» Exercise description: Search the entries for the word "with". Copy each line in which it is found.

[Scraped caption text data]
◇ ◇ ◇ ◇ ◇

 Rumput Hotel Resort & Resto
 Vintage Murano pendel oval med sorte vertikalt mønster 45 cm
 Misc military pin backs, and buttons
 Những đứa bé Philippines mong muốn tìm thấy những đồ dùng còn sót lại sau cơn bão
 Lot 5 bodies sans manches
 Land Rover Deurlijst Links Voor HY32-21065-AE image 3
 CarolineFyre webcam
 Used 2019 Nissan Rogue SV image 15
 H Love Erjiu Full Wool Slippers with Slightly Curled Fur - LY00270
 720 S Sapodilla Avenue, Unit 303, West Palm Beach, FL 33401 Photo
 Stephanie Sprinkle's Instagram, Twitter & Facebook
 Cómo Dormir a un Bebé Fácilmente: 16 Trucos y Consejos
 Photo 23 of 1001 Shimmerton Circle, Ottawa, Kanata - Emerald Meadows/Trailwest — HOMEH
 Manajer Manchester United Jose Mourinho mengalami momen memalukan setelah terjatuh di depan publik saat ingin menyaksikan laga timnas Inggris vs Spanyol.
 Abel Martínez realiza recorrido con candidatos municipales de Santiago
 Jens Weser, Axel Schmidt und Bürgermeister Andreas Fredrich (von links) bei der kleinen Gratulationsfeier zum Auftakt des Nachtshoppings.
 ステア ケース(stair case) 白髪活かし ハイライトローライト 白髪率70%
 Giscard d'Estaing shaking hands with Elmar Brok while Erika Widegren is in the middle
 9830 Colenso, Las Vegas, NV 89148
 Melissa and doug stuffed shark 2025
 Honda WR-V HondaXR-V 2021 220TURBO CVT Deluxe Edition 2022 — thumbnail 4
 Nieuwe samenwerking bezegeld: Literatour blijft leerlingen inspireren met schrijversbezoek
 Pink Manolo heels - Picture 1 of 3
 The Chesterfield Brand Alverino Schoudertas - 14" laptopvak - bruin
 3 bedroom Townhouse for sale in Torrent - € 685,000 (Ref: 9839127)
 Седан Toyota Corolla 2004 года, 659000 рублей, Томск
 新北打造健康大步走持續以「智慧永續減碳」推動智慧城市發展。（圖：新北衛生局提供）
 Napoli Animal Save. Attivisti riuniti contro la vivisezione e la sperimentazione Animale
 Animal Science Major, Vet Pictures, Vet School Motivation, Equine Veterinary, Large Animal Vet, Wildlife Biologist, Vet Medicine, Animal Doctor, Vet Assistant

◇ ◇ ◇ ◇ ◇

» Answer to this task:
 H Love Erjiu Full Wool Slippers with Slightly Curled Fur - LY00270
 Giscard d'Estaing shaking hands with Elmar Brok while Erika Widegren is in the middle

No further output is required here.